Universal Basic Income

Many politicians and mainstream news outlets are telling us that our modern digital and post-industrial economy has reduced or transformed whole classes of jobs. With online shopping, retail sales jobs are disappearing; robots are replacing factory workers, and industrial farming has replaced field laborers. In response, some countries, such as Finland and Netherlands, are testing out a Universal Basic Income (UBI). In such a system, the government would collect taxes from all and give each individual enough money to cover basic living expenses, e.g., housing, food, and transportation. A lobbying group called Basic Income Action has been formed in the United States to promote Universal Basic Income. Some say that providing such security to all would save individuals from having to make bad choices out of desperation (about where to work, for instance), and they also claim that injecting money into the economy where the poor and middle-class trade would be better for businesses too, as people would have more money to spend.

There are alternative UBI systems that are designed to run outside government control. These are decentralized networks using blockchain technology to equitably distribute all the proceeds that are contributed to the system by the user. Anyone can join such a UBI community, which would function like a Socialist system operating in parallel.  Because such UBI systems are voluntary, there should be no objections to their existing and operating.

However, a government-run UBI system would not be voluntary.  A Federally or State controlled UBI program would create dependence on centralized government, which could be disastrous.  There is a much more obvious and straightforward solution to the problem of the bottom 60% of Americans not earning enough to obtain financial security.

Instead of collecting taxes and then redistributing that money to pay for everyone’s basic food and housing, government should first simply abolish taxes on the poor and middle class. Government could allow every citizen to own a modest home tax free and to earn a modest wage tax free. Regarding food and housing, self-sufficiency should be the goal, not dependence on government.  For other necessities that require community effort, a Public Bank should provide those funds, for instance for a public health insurance program, basic retirement and disability insurance, free access to information and reliable, lost-cost and convenient mass transportation. (See Roles of Business, State, and Charity.) One of the reasons why corporations switch from people to robots is that the costs of health insurance, workman’s comp and pensions for employees.  If the government provided essential insurance programs, then hiring people would be more economically viable for businesses.

The problem is not that jobs are disappearing.  The problem is that most jobs are low paying.  Ideally every household in the U.S. should live comfortably on a single paycheck, or two part-time paychecks.  Americans work more hours than people do in most first-world countries.  If mindless and low-skill jobs are replaced by robots and unemployment reaches 50%, then the remaining jobs should be higher paying and more fulfilling.

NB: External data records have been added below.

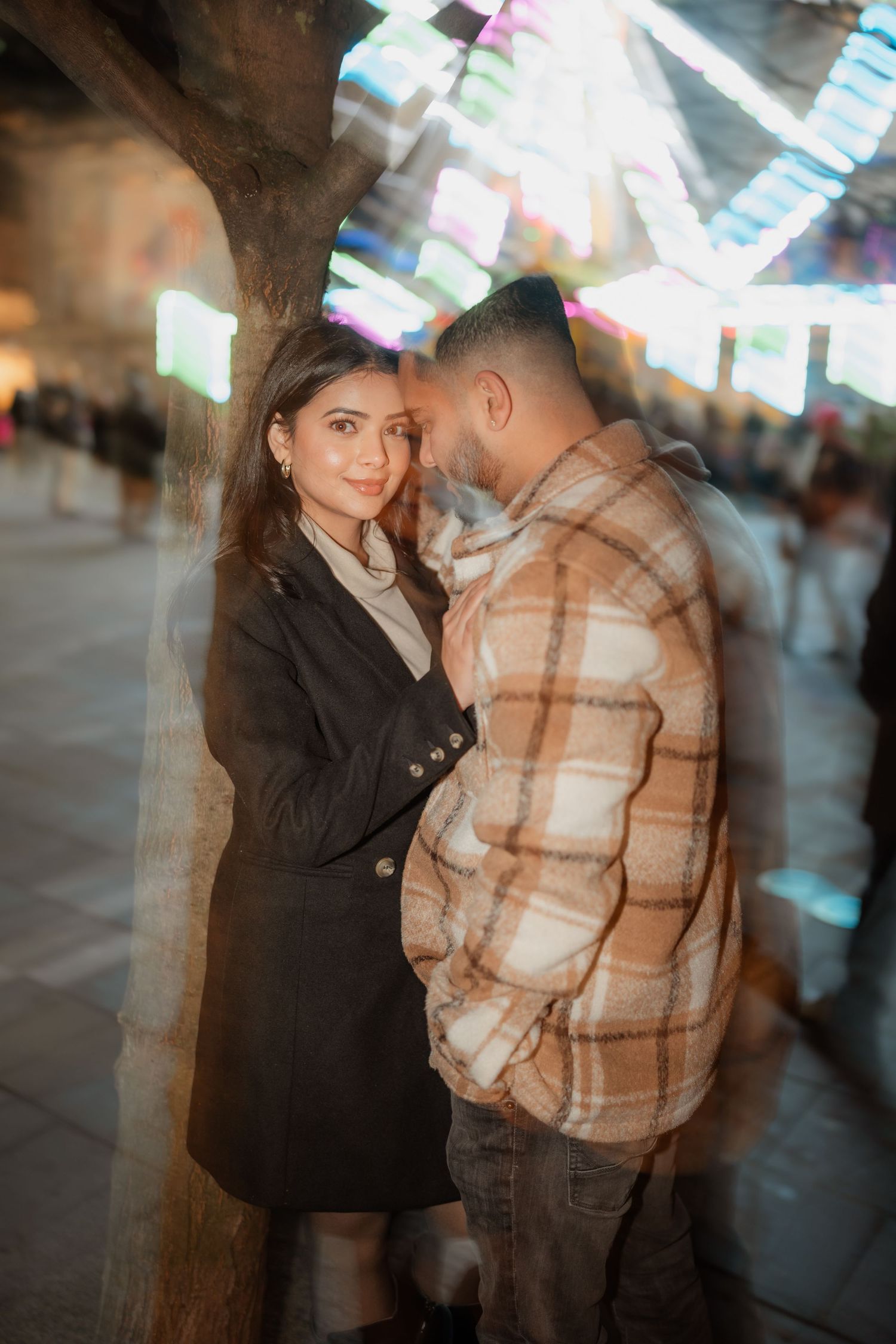 A romantic couple embraces under twinkling lights at dusk, with the woman in a black coat and man in plaid.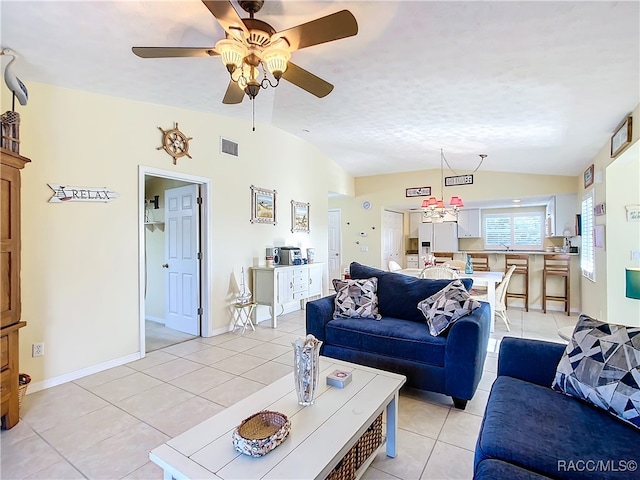 living room featuring ceiling fan, light tile patterned flooring, and lofted ceiling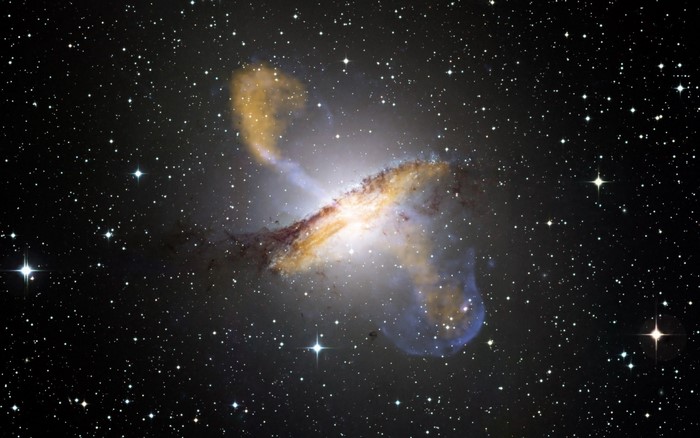 Galaxy with jets and stars in outer space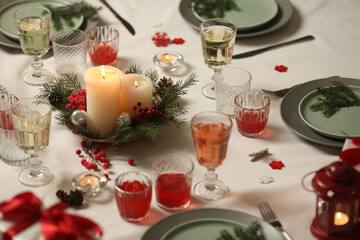 Christmas table with candles, drinks, pine branches and festive decor for holiday celebration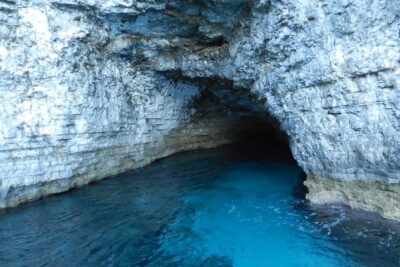 From Sliema: Malta Cruise to Blue Lagoon, Crystal Lagoon & Caves - Malta coast cruise before Comino: the bays you pass are part of the show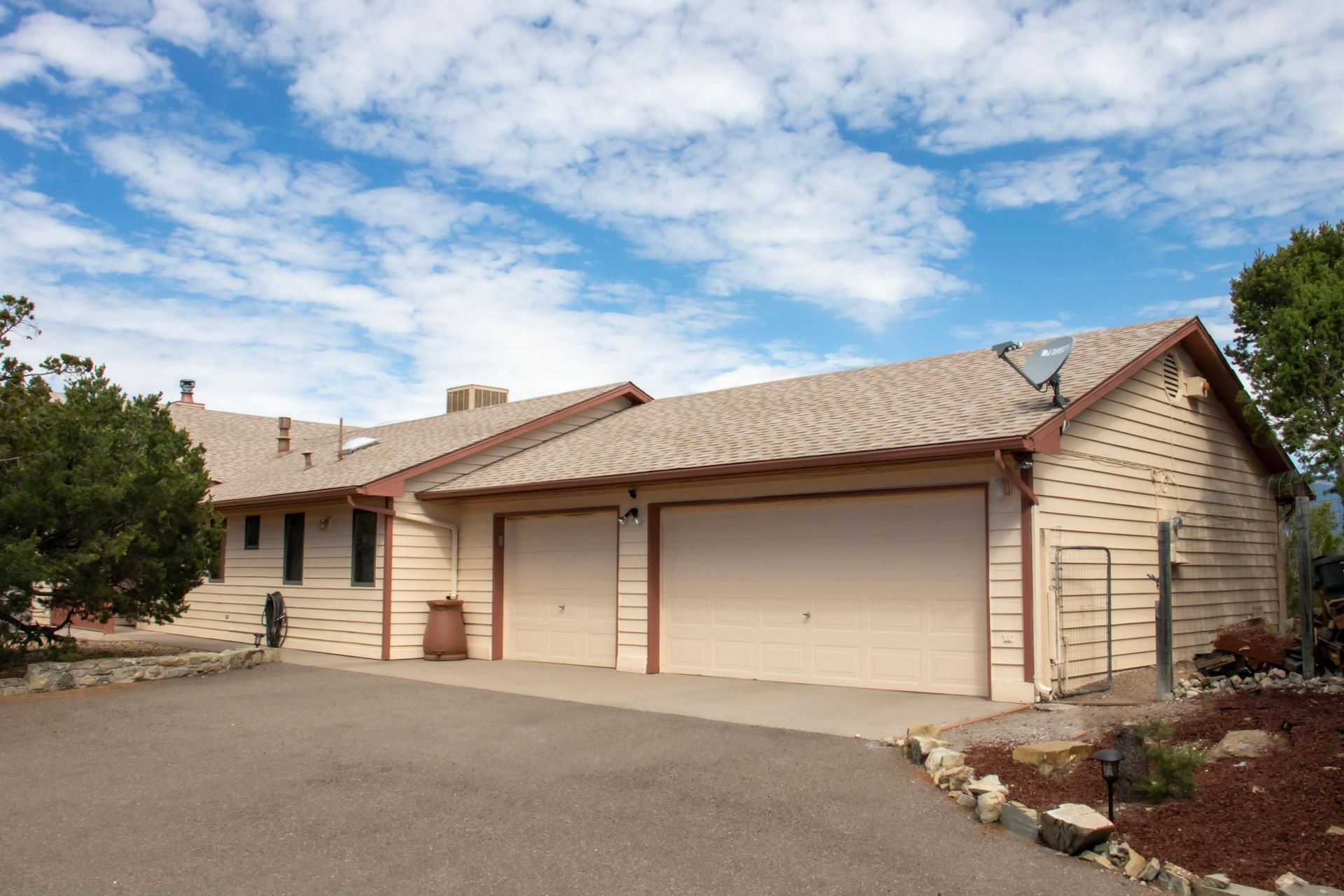 a house with two garage doors and a satellite dish on the roof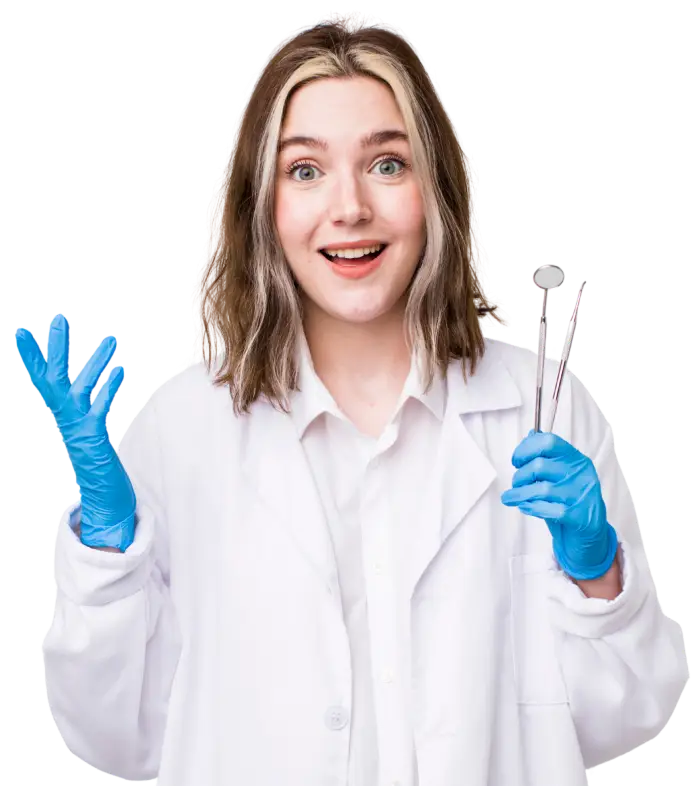 Smiling dental patient in white coat holding dental tools, representing Skyview Dental in Noblesville.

Furthermore because people might spend UBI money irresponsibly, most likely UBI payments would come in the form of vouchers so that people would be forced to spend the vouchers on approved goods and services, and this would create an opportunity for corruption in the industries that get the approvals.  UBI is another form of privatization of social services, which redirects tax money toward for-profit industries. Privatization has been disastrous in the prison system and health insurance system, causing the cost of those services to soar and the quality of those services to decline.